Kalshi's February payrolls market prices a 59% chance of a print above 50,000, backed by over $630,000 in volume. The unemployment contract puts the rate above 4.2% at 74%. Both read like a moderately stable labor market. Neither changes the rate path.
That's the structural tell. Kalshi's March Fed decision contract sits at 98% for a hold on over $17.5 million in volume. It hasn't moved in days. The market that prices Fed decisions has already separated labor data from policy. They're running on different clocks.
Wednesday showed the template. ADP printed 63,000. Equities opened higher. Oil didn't cooperate. By the close, the Dow was down over 1,000 points. The labor headline gave equities a story. Oil wrote the next chapter before the close.
Today likely runs the same structure. A beat opens the tape higher. A miss softens it. Either way, WTI above $80 keeps the inflation channel alive. Kalshi's annual rate cuts contract shows 0 cuts at 19% and exactly 1 cut at 26%. The probability mass isn't concentrated. It's distributed across a calendar the war premium now controls.
Polymarket's June cut probability sits at 29% for any reduction. Six weeks ago that number was above 55%. The labor market didn't move it. Oil did.
The False Pivot
The jobs number is real signal in a normal market. This one isn't. The Fed hold at 98% isn't watching payrolls — it's watching oil. A strong print confirms growth can absorb elevated energy costs. A weak print adds a second variable to a Fed already frozen by the first. The limiting variable isn't the employment count. It’s whether oil above $80 lasts six weeks or six months.
THE ARCHITECTURE
The ceasefire curve extended again overnight.

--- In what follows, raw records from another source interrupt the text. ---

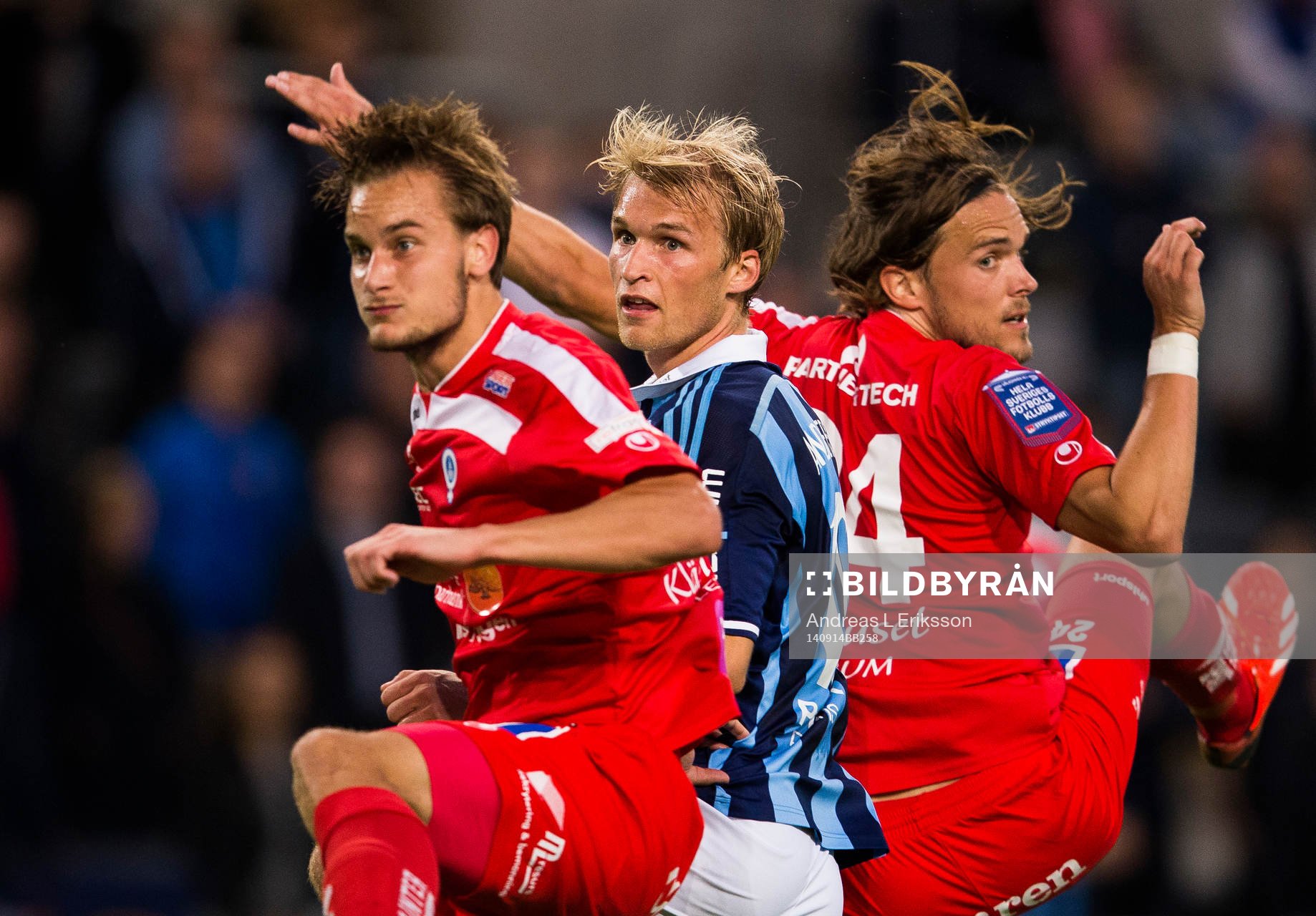 Djurgårdens Sebastian Andersson (m)  i en nickduell med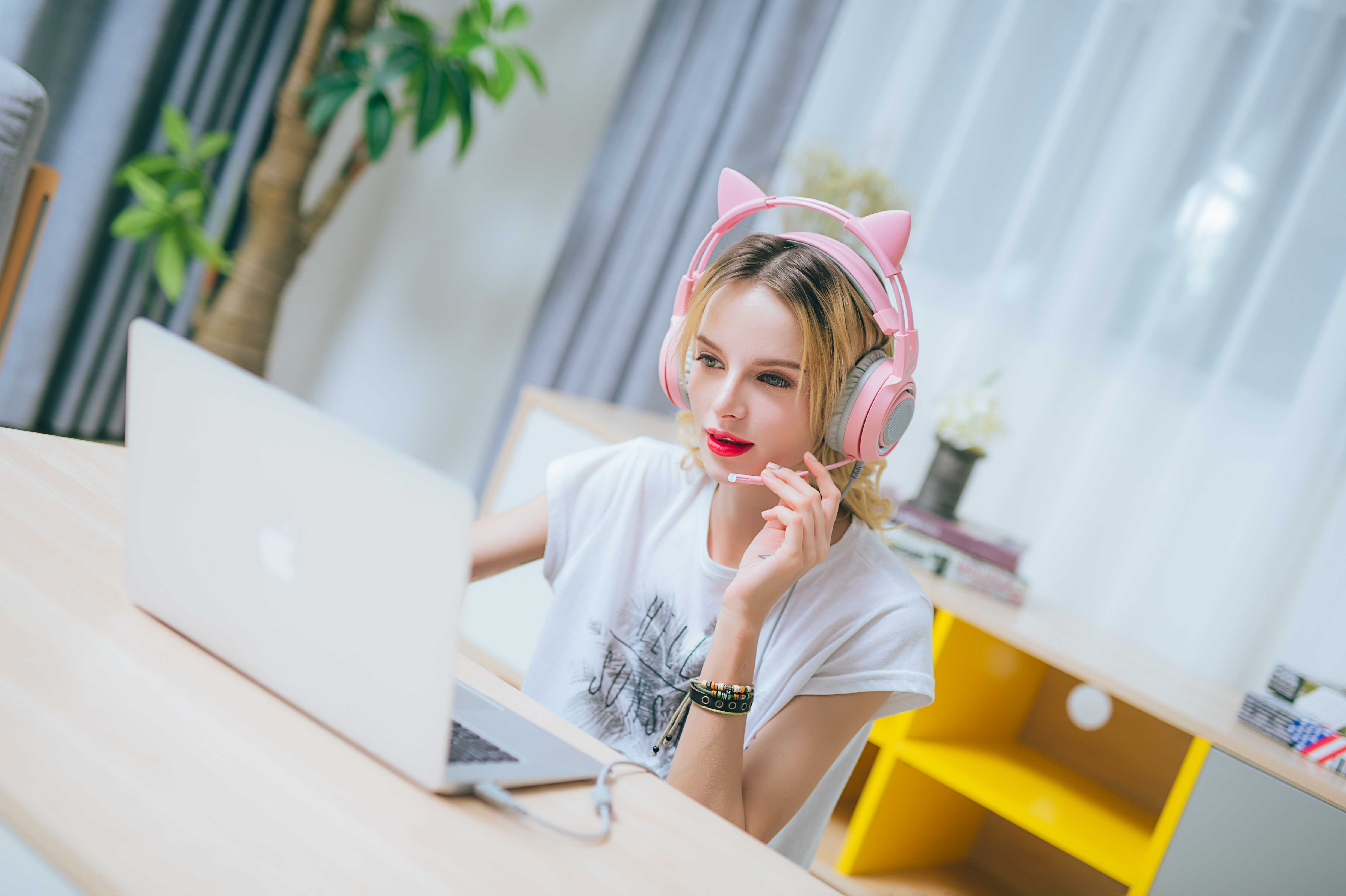 These 5 SOMiC Headphones Are the Perfect Christmas Gifts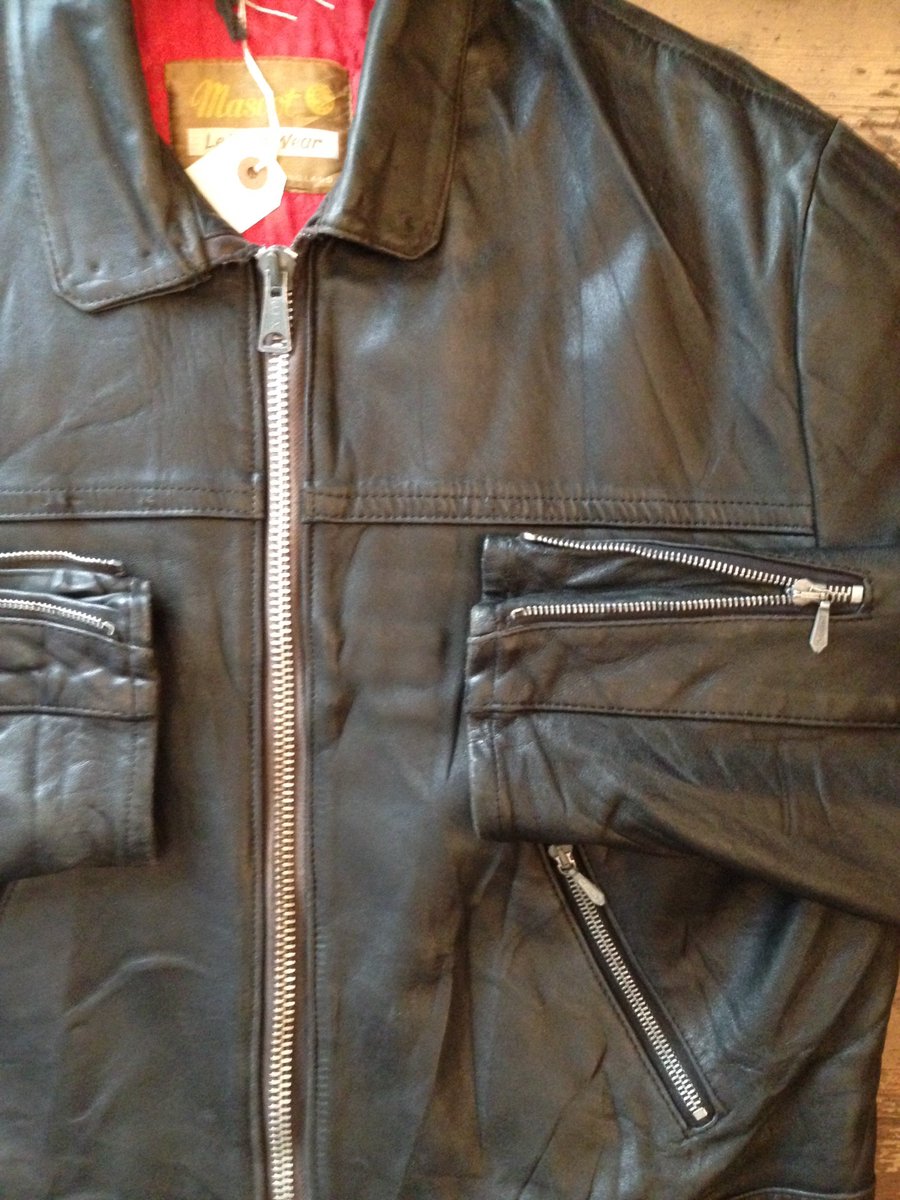 BreuerDawson's tweet photo. 1960'S MASCOT LEATHER JACKET. B&amp;D https://t.co/BUb8vFfzZj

Polymarket's ceasefire contract shows March 31 at 30%, down from 39% at Thursday's close. June 30 held at 68%. May 31 sits at 64%. April 30 at 47%.
Hundreds of ships are rerouting or idling in the Persian Gulf as U.S. escorts attempt to keep commercial lanes open. Kalshi's Hormuz closure contract reflects it. "Before 2027" sits at around 50%. "Before August" at 45%. "Before May" at 43%, on $4.3 million in volume.
When those windows trade within a few points of each other, the market stops trying to pick a date. It's pricing persistent disruption risk without a resolution timeline.
Polymarket's Next Supreme Leader contract shows Mojtaba Khamenei at around 50% on $22 million in volume, the field more than 30 points behind. The Iranian regime fall by June 30 sits at 39%, up over 20 points in recent days.
Closure risk without a timeline. Succession odds building. The ceasefire front collapsing. The structure has started to settle.
The Spread That Matters
The front of the ceasefire curve collapsed to 30%. The back held at 68%. That spread tells you the market has accepted duration as the base case. The limiting variable is no longer whether disruption happens. It's whether the conflict timeline fits inside a window where inflation and the Fed can both respond. Right now, those windows don't overlap.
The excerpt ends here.